START EXERCISE DATA

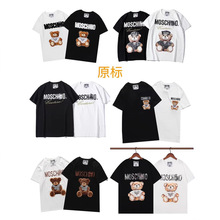 夏季MOS正确版CHINO莫斯奇诺小熊T恤ins时尚宽松纯棉高街短袖跨境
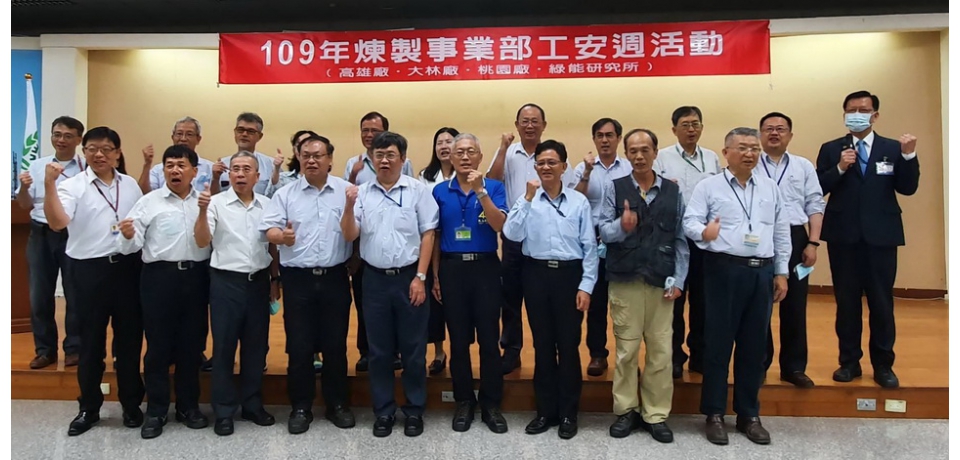 中油煉製事業部工安週活動落實執行安全作業標準讓工場安全穩定操作(圖)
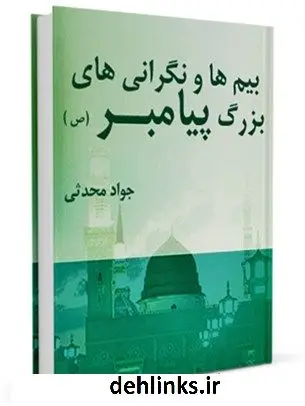 دانلود pdf کتاب بیم ها و نگرانی های بزرگ پیامبر صلی الله علیه و آله جواد محدثی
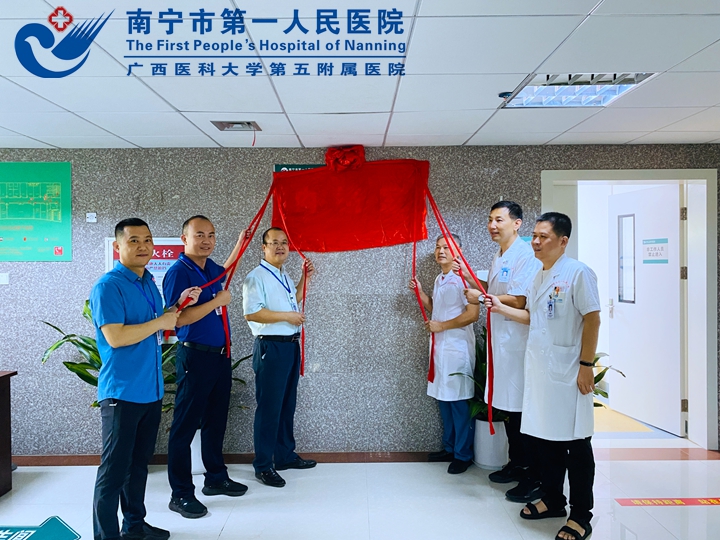 喜讯！市一青秀分院内镜室正式启用，内镜治疗迈入新“境”界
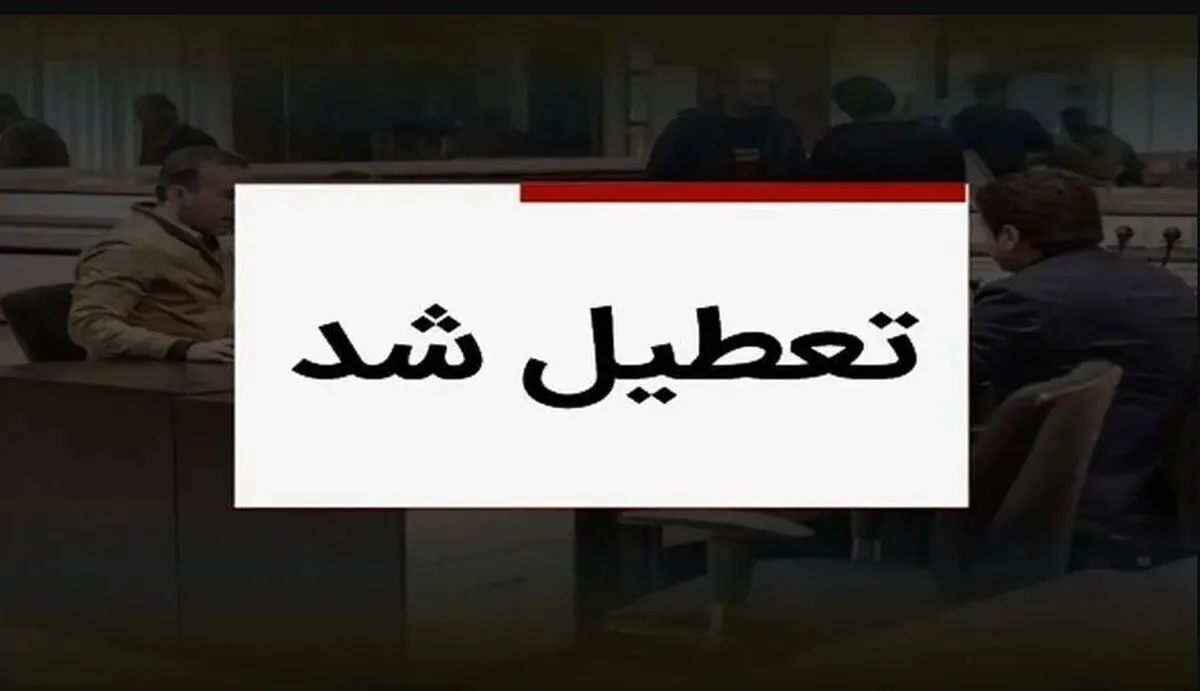 تعطیلی ادارات به دلیل گرمای شدید (۷ و ۸ مرداد ۱۴۰۴) / ۱۱ استان کشور تعطیل شدند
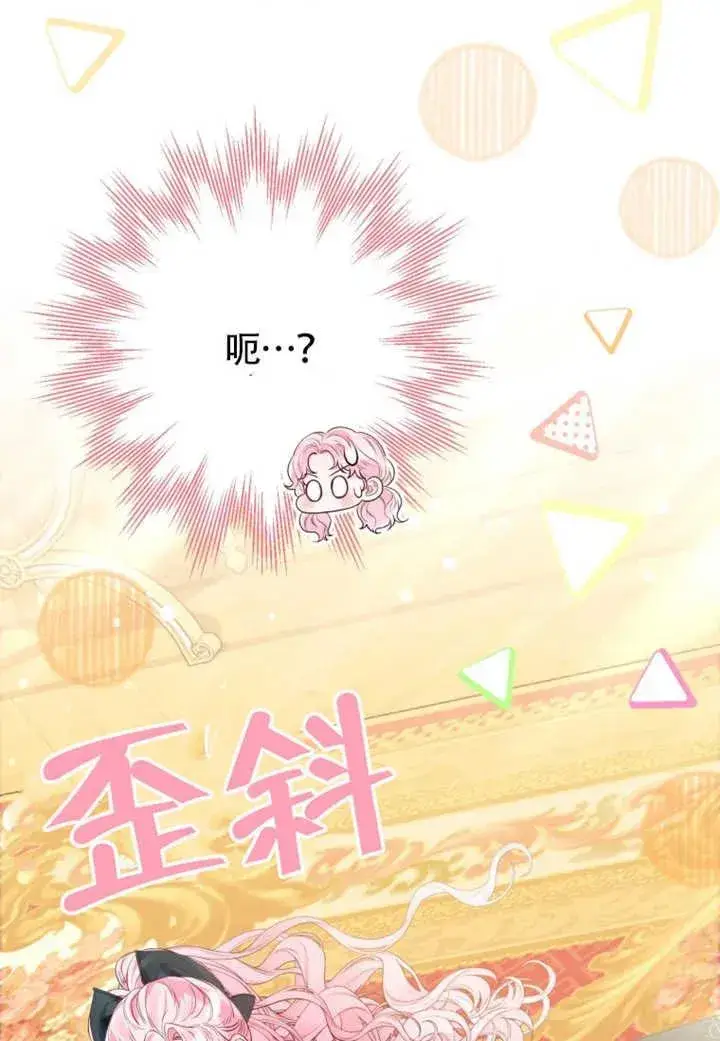 《干脆我成为王好了》第48话图116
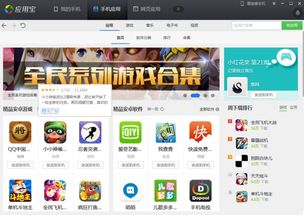 小桃的纠结安卓游戏 (图1) 小桃的纠结安卓游戏 (图1)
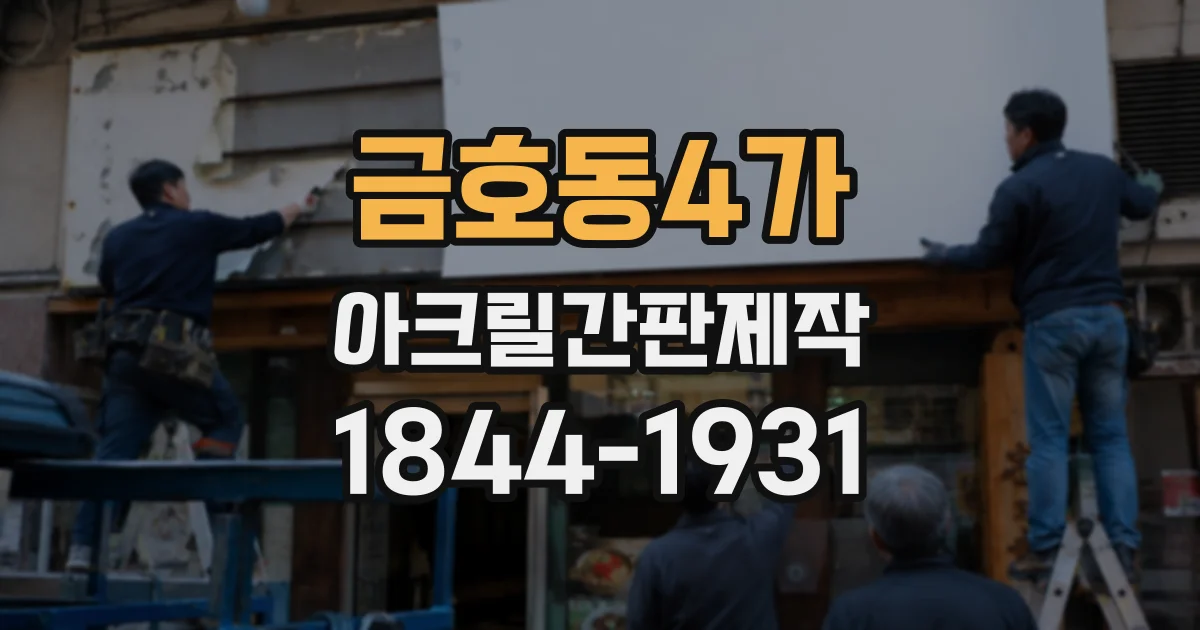 금호동4가 아크릴간판제작 벽걸이형 메뉴 안내판 설치 전에 살펴볼 점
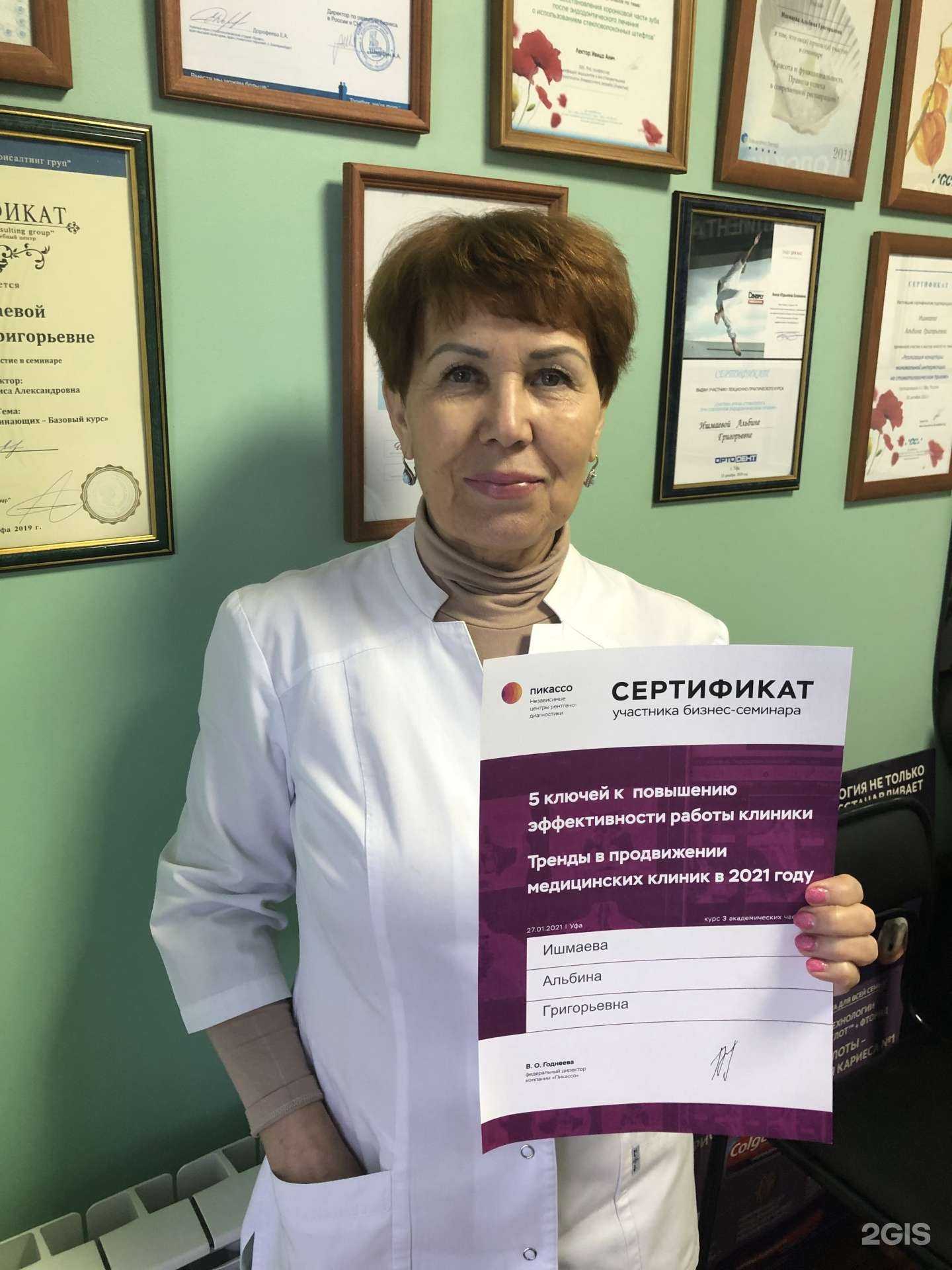 Отзывы на компанию Ортос в Уфе c фото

END EXERCISE DATA

### EXERCISE:
Please retype the listing in full, exactly as given, and skip every image.

### SOLUTION TO THIS PROBLEM:
 夏季MOS正确版CHINO莫斯奇诺小熊T恤ins时尚宽松纯棉高街短袖跨境
 中油煉製事業部工安週活動落實執行安全作業標準讓工場安全穩定操作(圖)
 دانلود pdf کتاب بیم ها و نگرانی های بزرگ پیامبر صلی الله علیه و آله جواد محدثی
 喜讯！市一青秀分院内镜室正式启用，内镜治疗迈入新“境”界
 تعطیلی ادارات به دلیل گرمای شدید (۷ و ۸ مرداد ۱۴۰۴) / ۱۱ استان کشور تعطیل شدند
 《干脆我成为王好了》第48话图116
 小桃的纠结安卓游戏 (图1) 小桃的纠结安卓游戏 (图1)
 금호동4가 아크릴간판제작 벽걸이형 메뉴 안내판 설치 전에 살펴볼 점
 Отзывы на компанию Ортос в Уфе c фото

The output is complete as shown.